In Agota Kristof’s wonderful novel The Third Lie, Claus – or is it Lucas, his anagrammatic twin (the two central characters are indissoluble, or aspects of one and the same person) – spends his nights writing in a notebook. One day, his landlady asks:

“What I want to know is whether you write things that are true or things that are made up.”

I answer that I try to write true stories but at a given point the story becomes unbearable because of its very truth, and then I have to change it. I tell her that I try to tell my story but all of a sudden I can’t – I don’t have the courage, it hurts too much. And so I embellish everything and describe things not as they happened but the way I wish they had happened.

After writing a book of creative nonfiction (I love the way a genre is defined by what it is not – as though ‘fiction’ were somehow the default mode of prose writing), one rather smug person of my acquaintance informed me that he had enjoyed the memoir, but had not been so taken by the fictional parts.

Were there fictional parts? I asked. Oh yes, this keen critic observed, of course there were.

Needless to say, this got me wondering. I could have retorted by quoting Joan Didion, who once wrote:

“Not only have I always had trouble distinguishing between what happened and what might have happened, but I remain unconvinced that the distinction, for my purposes, matters.”

Or I might have cited Gabriel García Márquez:

“Life is not what one lived, but what one remembers and how one remembers it in order to recount it.”

The point is, there is a fine distinction between the literalism of ‘what really happened’ – which is in any case not provable – and the way in which I happen to remember, conjecture and write. Does it simply boil down to a distinction between ‘true things’ and ‘things that are made up’? That seems horribly reductive. What about all the stuff that happens in between?

In the documentary film Patience, Christopher MacLehose tells an anecdote about the publication of Max Sebald’s Rings of Saturn. Sebald was required to state what category of work the book should be shelved under – a standard requirement made by booksellers, and he was dismayed that he had to choose a category: did he want the book filed under biography, history, apocalypse studies, memoir, travel or fiction? – All of them, he said, all of them.

 

 

 

 

 

Short story versus novel

13 Oct

Every story encompasses a world. Every story accounts for a series of actions, whether experienced or imagined. The story, if it is any good, also contains within it a substratum, or an undertow, through which the reader is guided towards some underlying truth – or the possibility of a truth. This may consist of a paradox or even a seeming contradiction, but it will, in some way, be traced or suggested by the contours of the outer story.
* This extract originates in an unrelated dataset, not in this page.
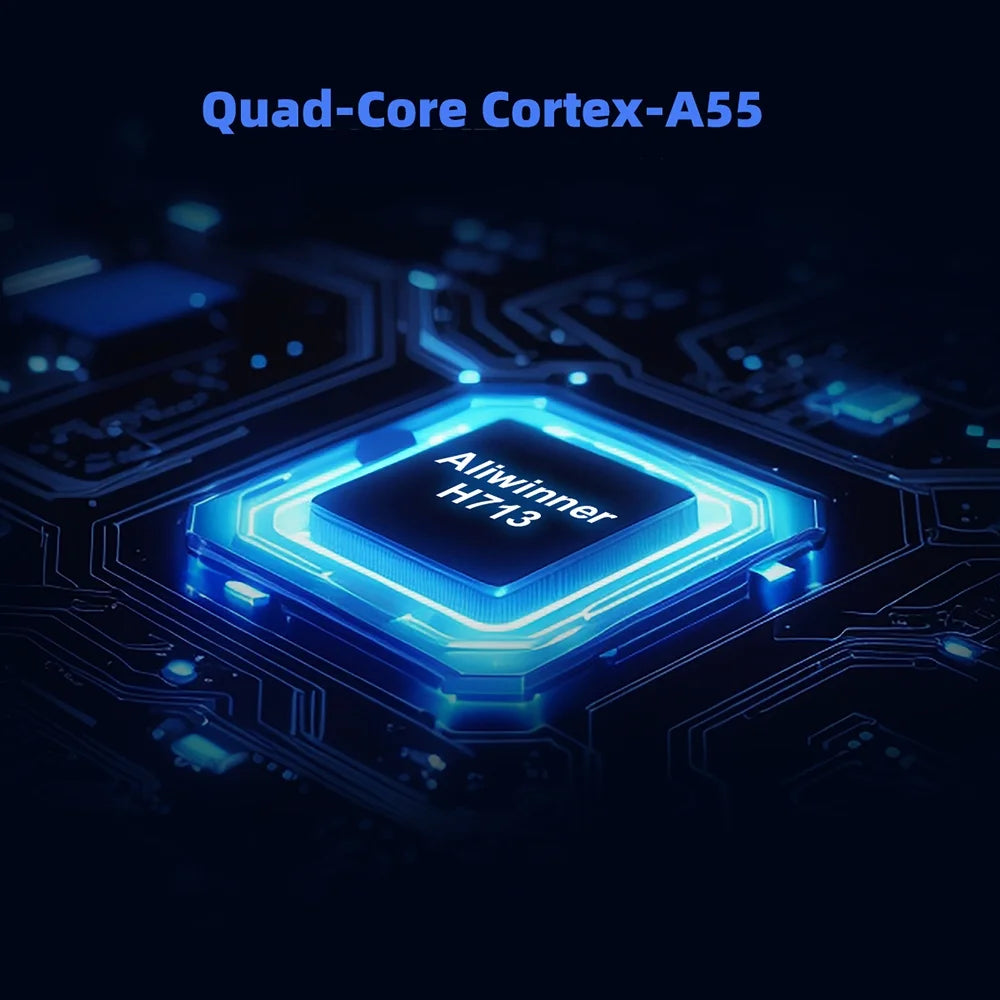 Mini HY300 Projector with Android 12 2GB RAM 16GB ROM WIFI 6, Max 4K, Bluetooth Video Projectors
This notion, at least, can be applied to the short story. When it comes to anything longer I tend to balk.  Today on the Guardian website, I read an article about the new novel by the admirable Donna Tartt, a monster of a book at 771 pages, and I recall what Italo Calvino once wrote:

‘Long novels written today are perhaps a contradiction: the dimension of time has been shattered, we cannot love or think except in fragments of time each of which goes off along its own trajectory and immediately disappears. We can rediscover the continuity of time only in the novels of that period when time no longer seemed stopped and did not yet seem to have exploded, a period that lasted no more than a hundred years.’

I don’t know whether or not I entirely agree with this, but the idea of time progressing as a linear continuum does seem to be tied to a social structure where roles (including that of the author) were more fixed, sedentary things. The author proclaimed his (and it was usually a his) authority through texts permeated with the authorial voice, and which sustained that voice, gave it credibility as a constant over a period of calculable time.

And who wants that authority? Not me. Not I, even. Which is why, on days like today, the simple rigour of the short story seems so much more appealing, and far less tiring.

Fiction Fiesta 2013

23 Apr

Fiction Fiesta 2013 Design Work Final Draft copy(1)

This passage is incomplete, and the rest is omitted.